After the Lions tour he took off to Zanzibar, an island off the coast of Tanzania, for a holiday. He also put some time in to his ambassador’s role and found himself in Johannesburg. Floods of children have been coming down from troubled Zimbabwe.
The relationship between O’Callaghan and the organisation began with a photo shoot to highlight the need for malaria nets. From there it blossomed.
“A school was set up and last year they’d 17 students. Now they’ve 1,216,” explains O’Callaghan. “All these kids want is education. It’s mad to chat to them. We went up to see the church where they stay. The same amounts of girls come across but due to trafficking a lot of them get lost.
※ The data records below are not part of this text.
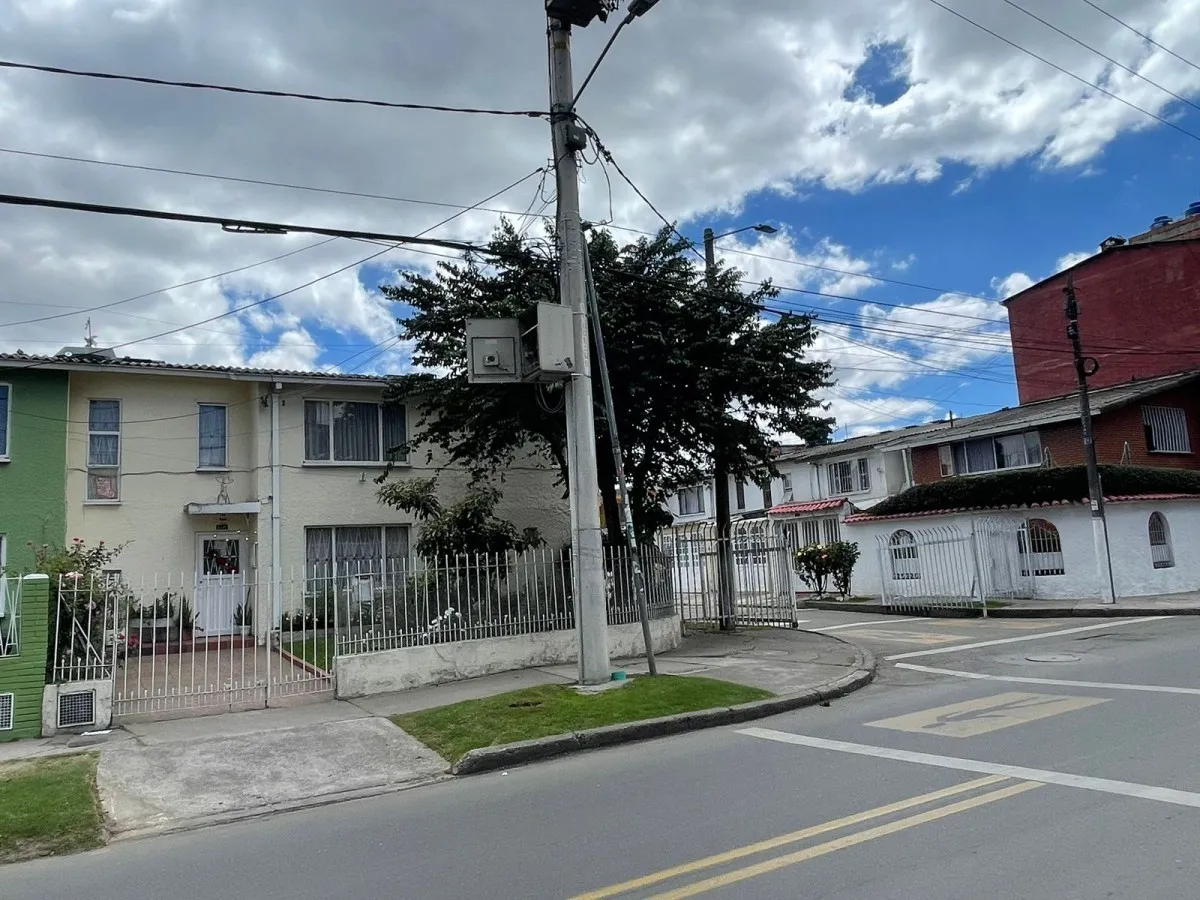 Casa de 5 alcobas en venta en Castilla, Bogotá, 227 m² · foto 2 de 17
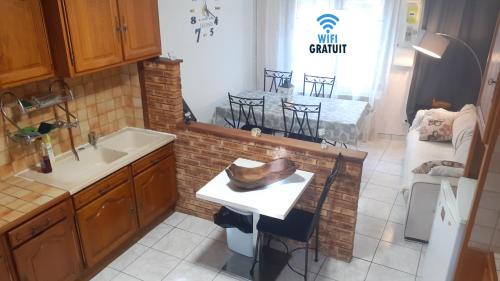Deux Rivieres House | Escale de Cravant
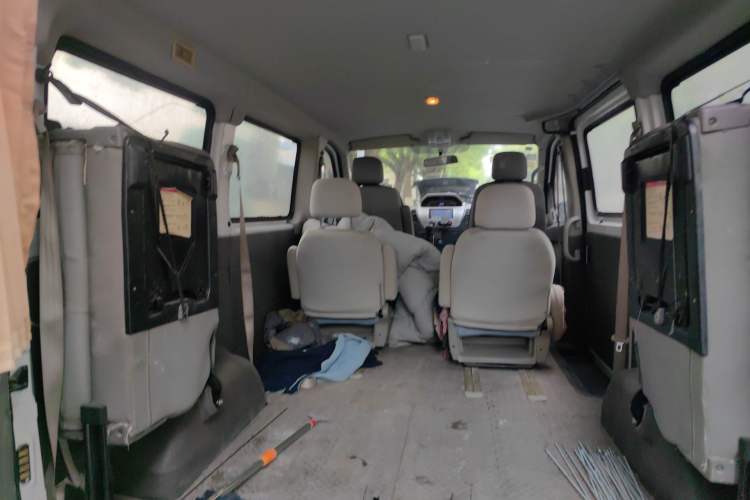 Used SAIC MAXUS Xintu V80 2015 2.5T AMT Aoyuntong Edition Short Wheelbase Low Roof Trunk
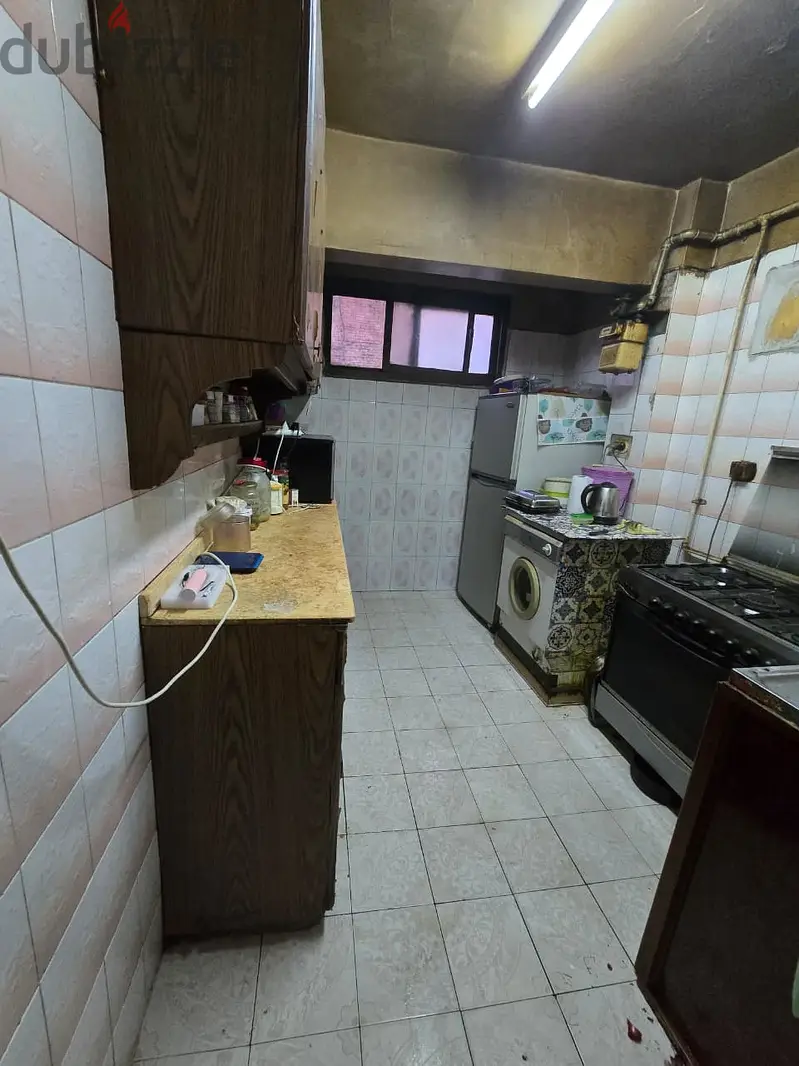 110m² apartment in a quiet neighborhood next to Saint Teresa metro station, directly from the owner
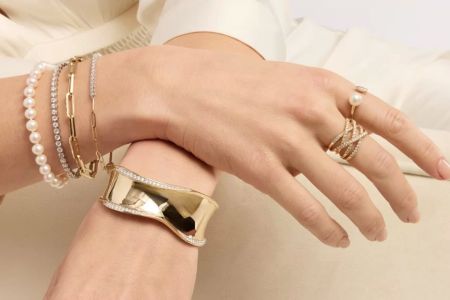 Expert Cleaning Tips for Jewelry with Enamel Designs: Safe and Effective Care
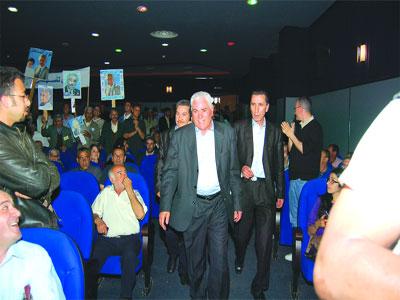 Séduire et convaincre l'électorat constantinois, tout un programme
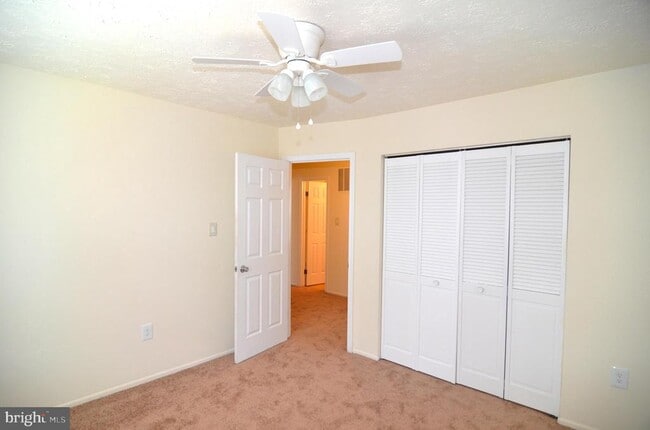 Building Photo - 2165 Freemantle Ct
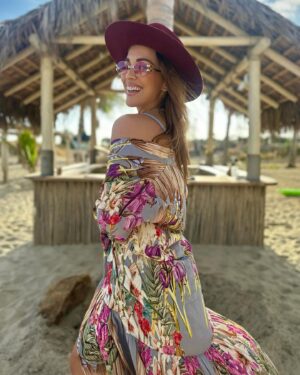 María Elisa Camargo Instagram - El perfecto cierre de un año que fue un reto para mí, para mi ego, mi auto-concepto. Qué tanta importancia le doy a encajar en un sistema que te obliga a trabajar y producir para obtener valor, y qué tanto recordar que somos seres espirituales y la importancia de jugar. WOW, qué expertos en jugar son mis amores de @maxacamp . Mind blown. The best experience to receive 2024 the WORLD had to offer, was this. Hands down. So much attention to detail, so much magic and generosity. Mexas know how to spoil ❤️ and they do it with a smile and a silly joke, every time. México tiene un chunk gigante de mi corazón. Siempre me pone las cosas en perspectiva. Y en este caso me queda claro que mi única misión en este mundo es dar AMOR, aceptar, tolerar, ESCUCHAR, darle un lugar a todos. Porque alguien tan privilegiado como yo, no tiene derecho a generar negatividad de ningún tipo. No tengo los traumas ni los demonios para respaldarlo. Así que sólo esperen amor y una sonrisa de esas amplias que ofrece mi cara, en el 2024. Gracias @craniareclaim por ofrecer básicamente un BURN en la playa. Best of every world! Y por supuesto al siempre PERFECTO y sensual @hotelelganzo por consentirnos y tratarnos divino. LOVE YOU. I’m hearing a lot about “our best version” this year, let’s walk like we talk. Ámonossss, que este año la ROMPEMOS! :: My perfect breezy tropical outfit by fave @carolinakuniverse - Mare One Piece   Nico Robe (nailing it every time- so thankful for you and what you do for the artisan community 🫶). Mi fotógrafa, partner de NYE y content creator: @magssosa 👯‍♀️ #candid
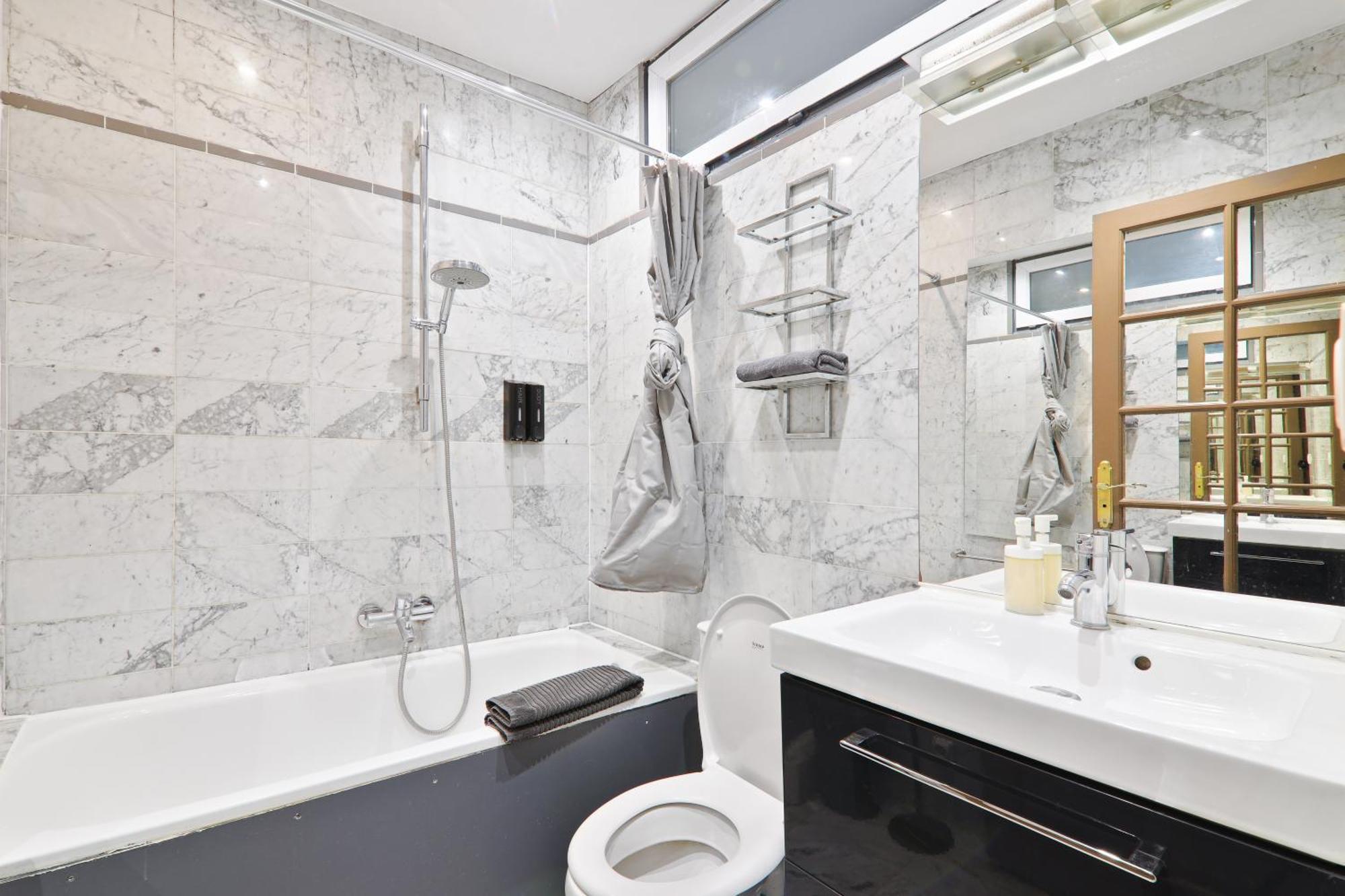 Appartement Quartier Champs-Elysees Free Netflix Paris Eksteriør bilde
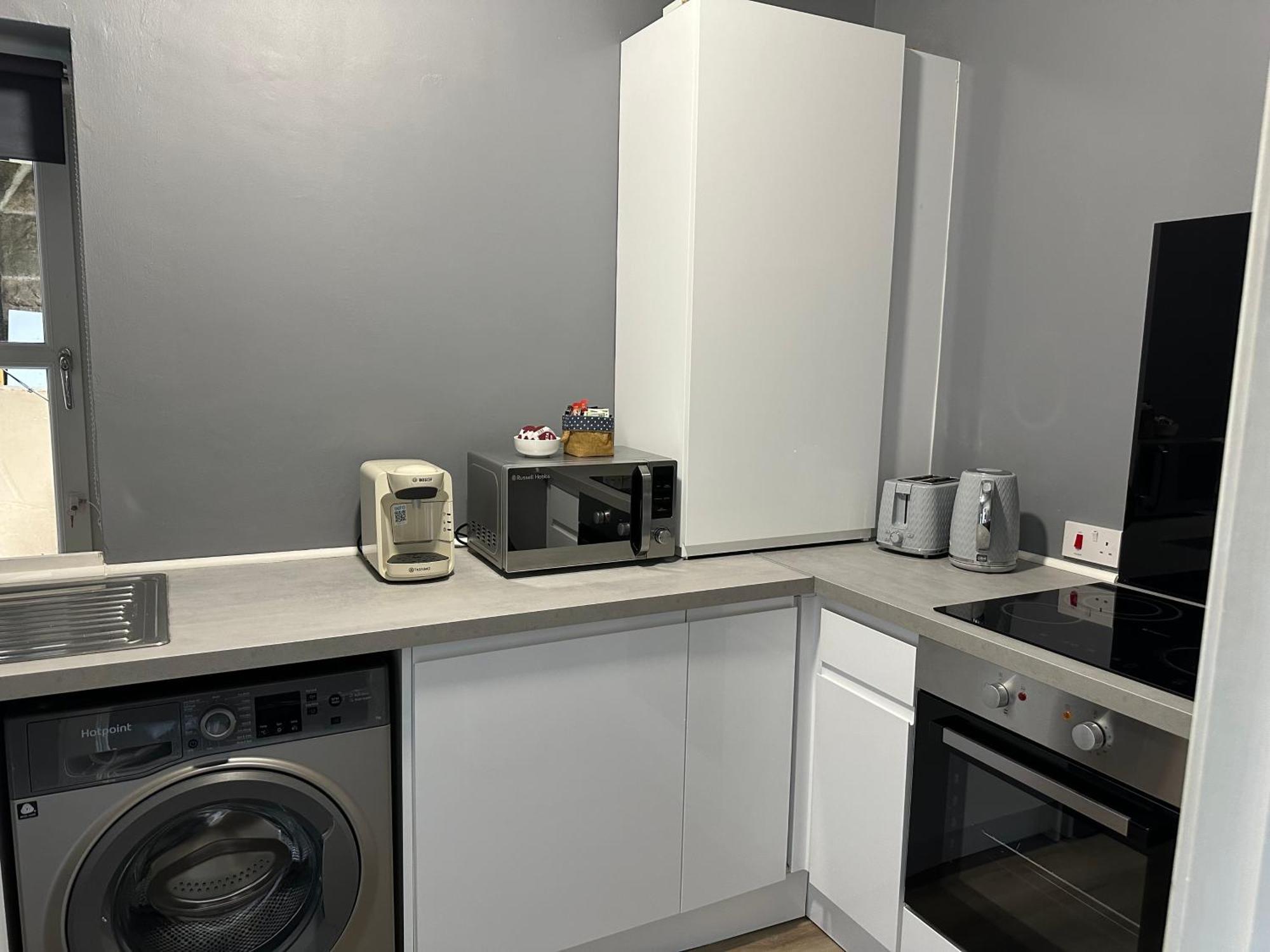 Two Bed Apartment Edinburgh Bagian luar foto
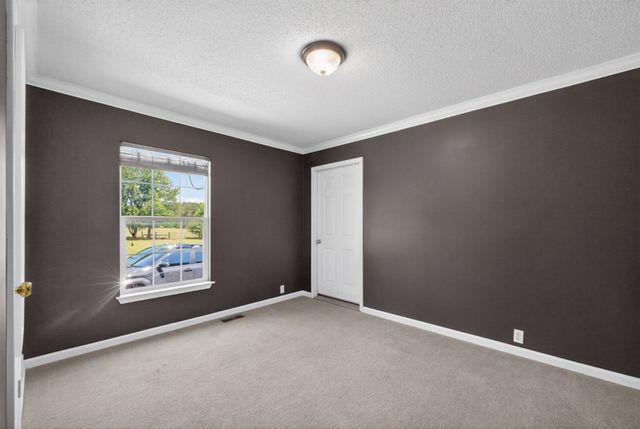 2673 McKnight Rd, Culleoka, TN 38451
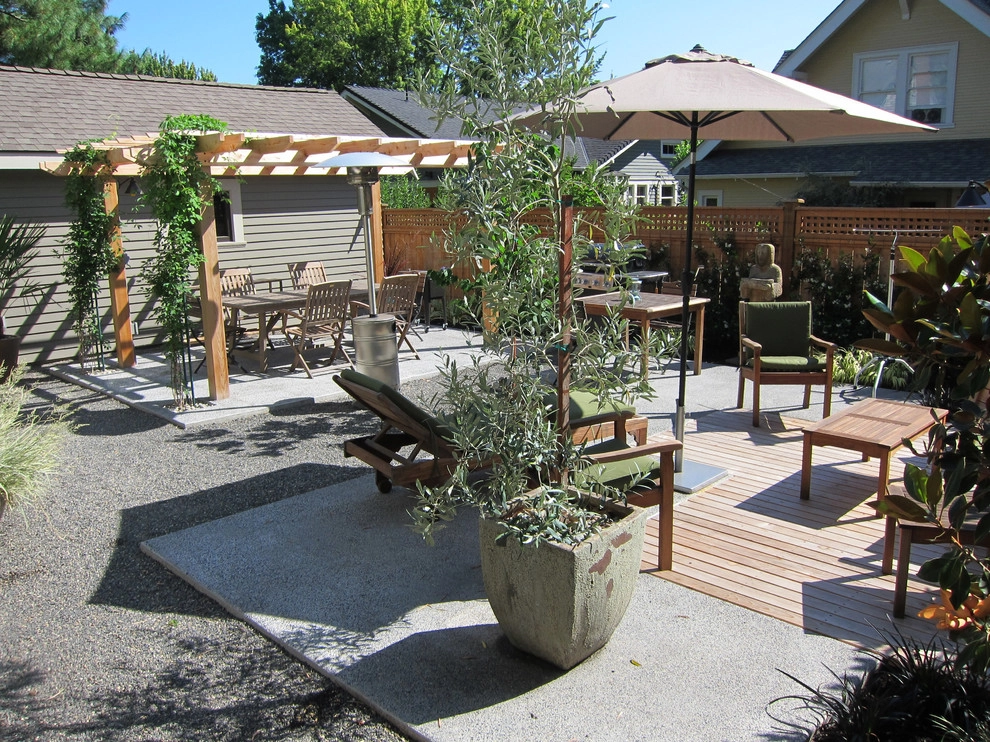 Becky Bourdeau Designs Inc - Photo 11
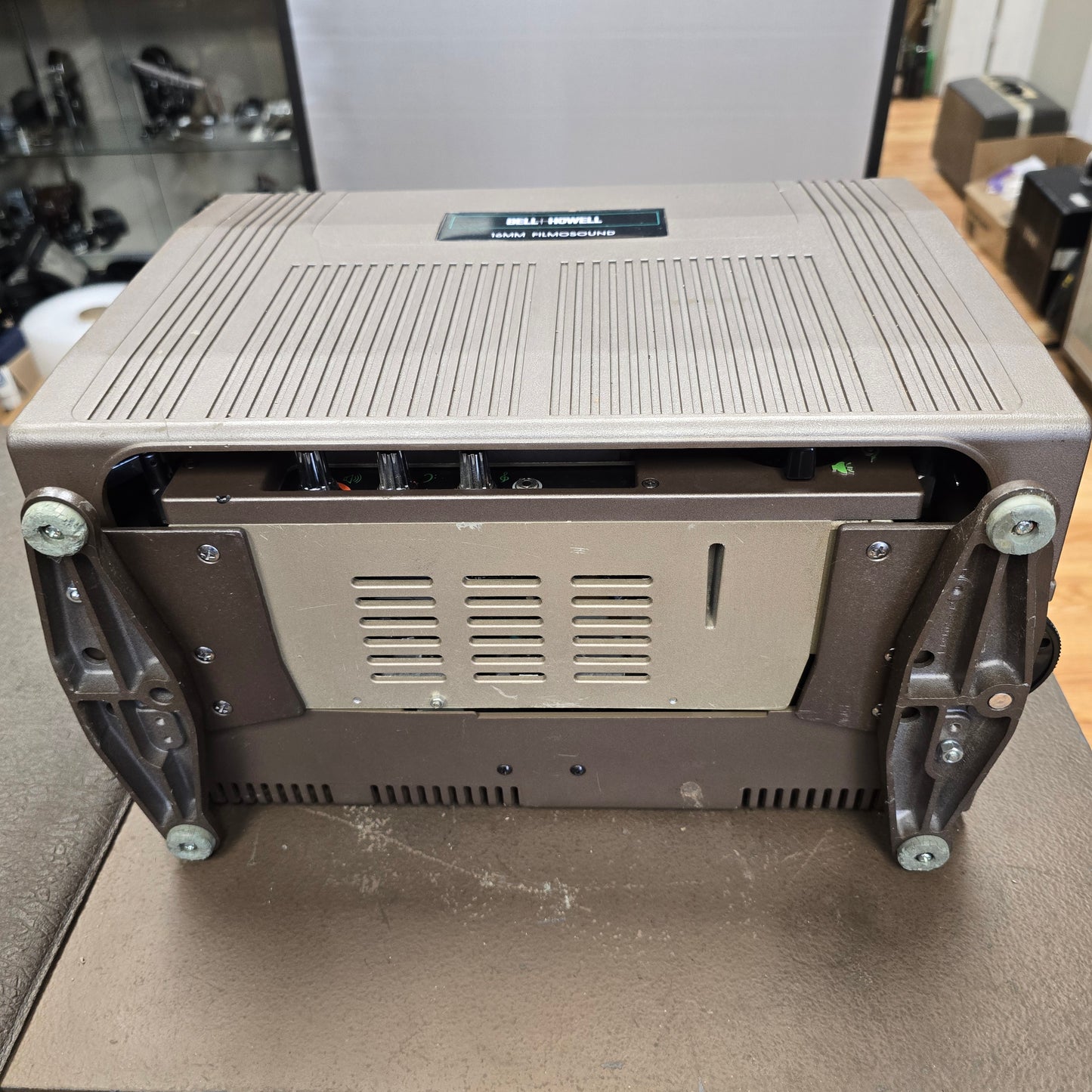 Eiki / Bell & Howell 3580 Slim Line 16mm Slotload Sound Projector S# 172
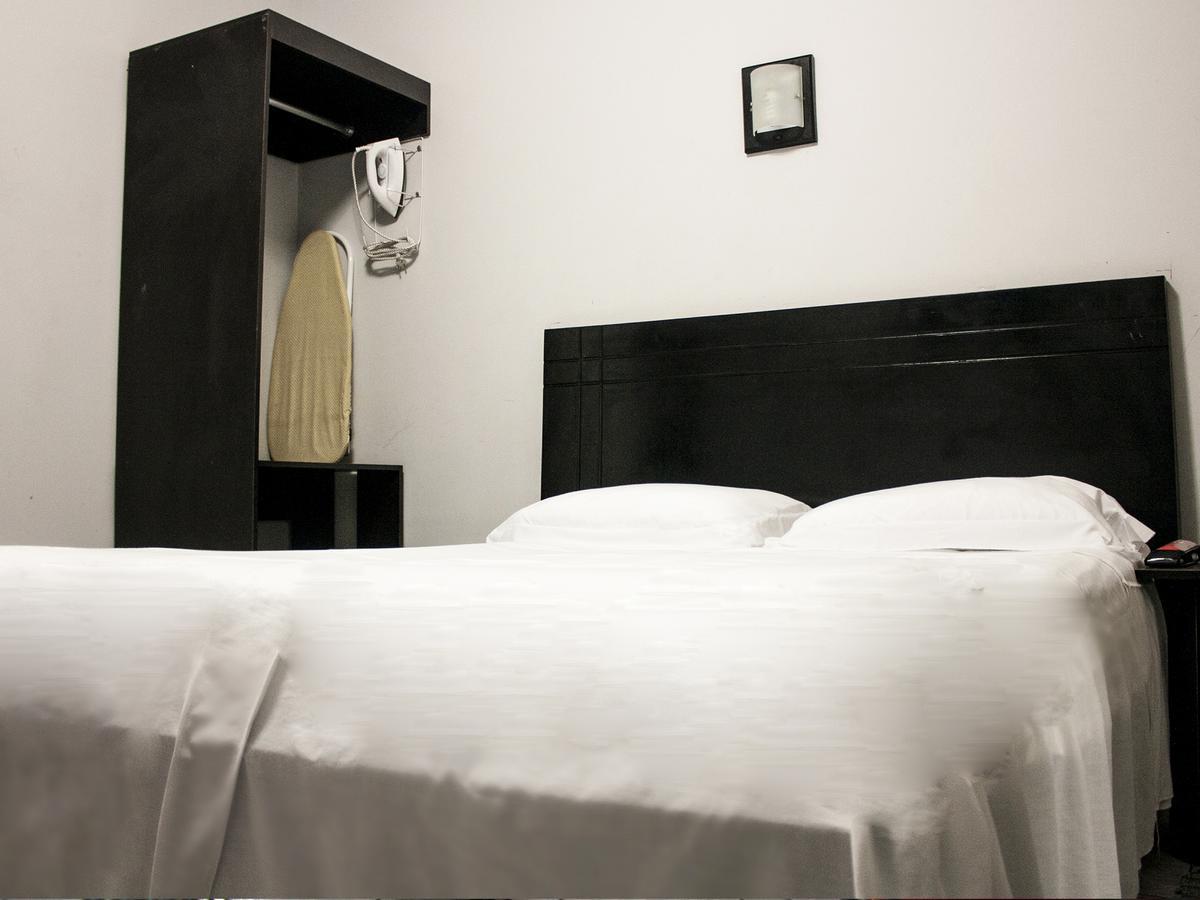 Jer'S Hostal Tumbes Εξωτερικό φωτογραφία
“There were people sleeping on the stairs. The day we called the water pipe had burst and there was a young kid sleeping down on the step just about two feet away. It was sewage.
“We came up the stairs . . . just from having nieces and nephews, although I’m never let near them, I’m a clutz . . . there was a one-year-old baby sitting around on her own on top of the stairs. Who’s looking out for this kid? She was just sitting up. There was no one around. Incredible. To be fair the bishop of this church saw the problem and he basically opened the doors.
“I would like to get involved more. I know it’s hard with rugby. But you can make excuses about that. It opens your eyes a bit more. You see stuff like that and you have a cause nearly.
“I have to sit down with them now and make a plan. One of the kids said to me ‘I want to be a lawyer’. Then he started talking about wanting to be a commercial lawyer and was going right into it, completely over my head . . . I was chatting to a 14-year-old thinking what the f**k’s he on about . . . it’s incredible how driven they are. I’m not on a quest or anything like that. All they want is a chance.”
Disappointed he didn’t get a Test chance with the Lions, the free spirit of Munster rugby remains stoic and in the never-ending search for motivation, the coming season is a chance to prove them all wrong at Lions Inc. “I wouldn’t like to bitch and moan,” he says. “It didn’t go my way. I’ve just got to take that on the chin.”
But your going to push Paul O’Connell aside as captain now, we suggest. O’Callaghan beams down a big messer’s smile and clenches his fist. “That’s what I said day one,” he answers tilting his head. “There’s going to be big changes around here.”
As ever with the secondrow it ends in laughter, O’Callaghan laughing at himself.